AVAILABLE DATA:
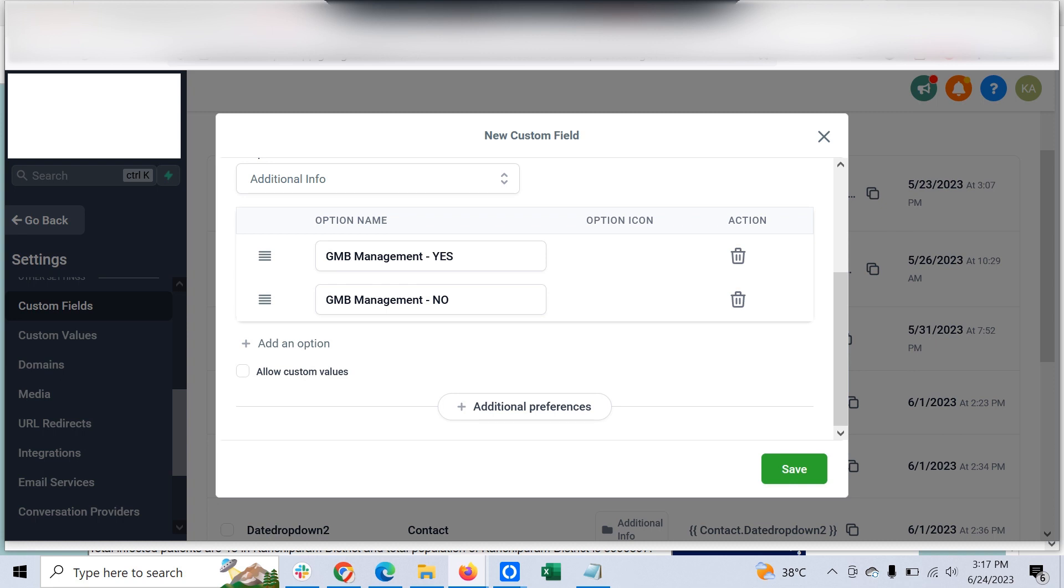And then those custom fields you can create on your own. Like you create for the regular form, you can create any number of fields and you can have different option names, whether it's a dropdown or a radio button or a simple text box - whichever you want, you can set it up.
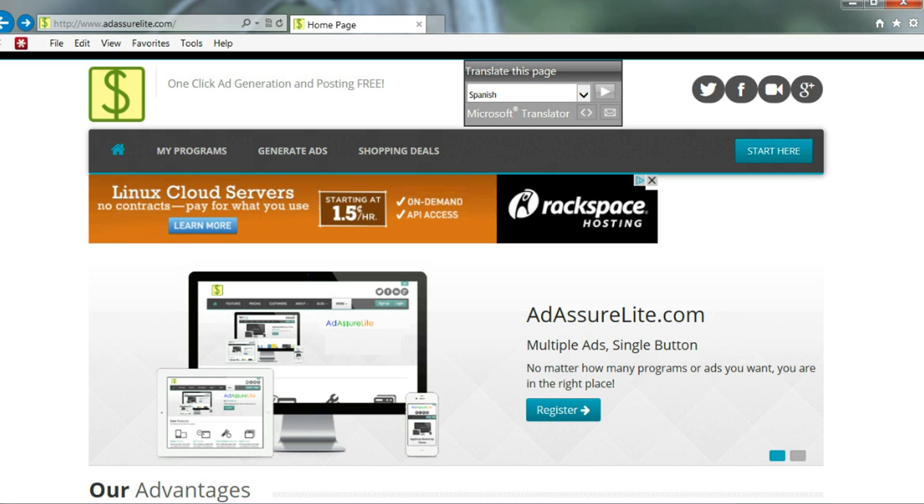Thank you for using AdAssureLite.com. We really appreciate your business, and if you have any questions, we're available on chat.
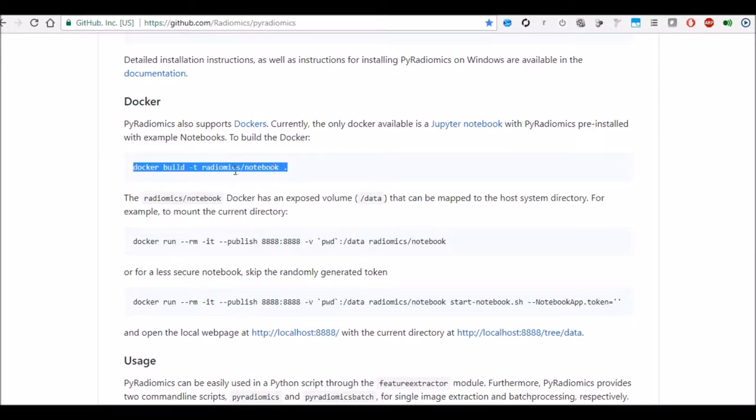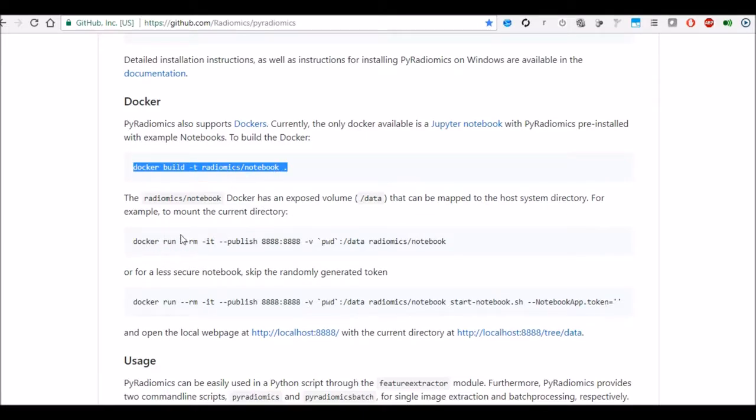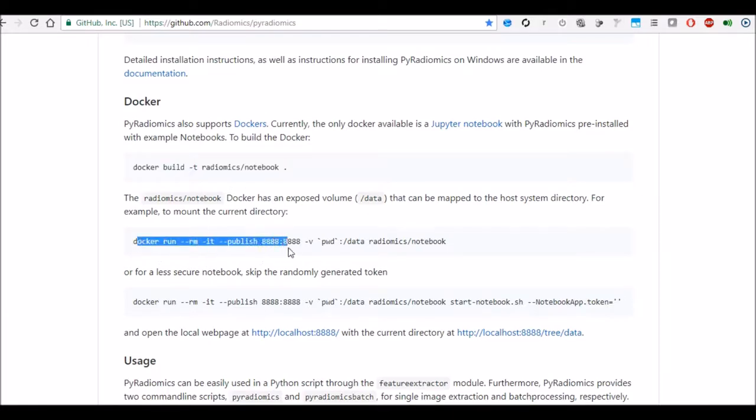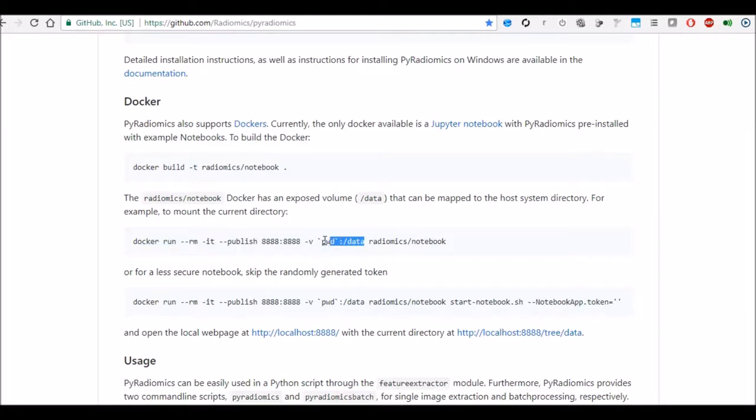Once the docker is installed then you can follow these instructions like docker build t radiomics notebook. So this is one of the notebooks which will be used with jupyter which will elaborate later on. And then once you have built the notebook then you can run it, basically you will publish it on your localhost 8888 port and provide it the volume where your data will be sitting and then finally ask it to run the notebook.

WHAT NEEDS TO BE DONE:
Your reply should consist solely of the lines above, from the opening line through the line with "Thank you for", reproduced exactly and without pictures.

SOLUTION:
And then those custom fields you can create on your own. Like you create for the regular form, you can create any number of fields and you can have different option names, whether it's a dropdown or a radio button or a simple text box - whichever you want, you can set it up.
Thank you for using AdAssureLite.com. We really appreciate your business, and if you have any questions, we're available on chat.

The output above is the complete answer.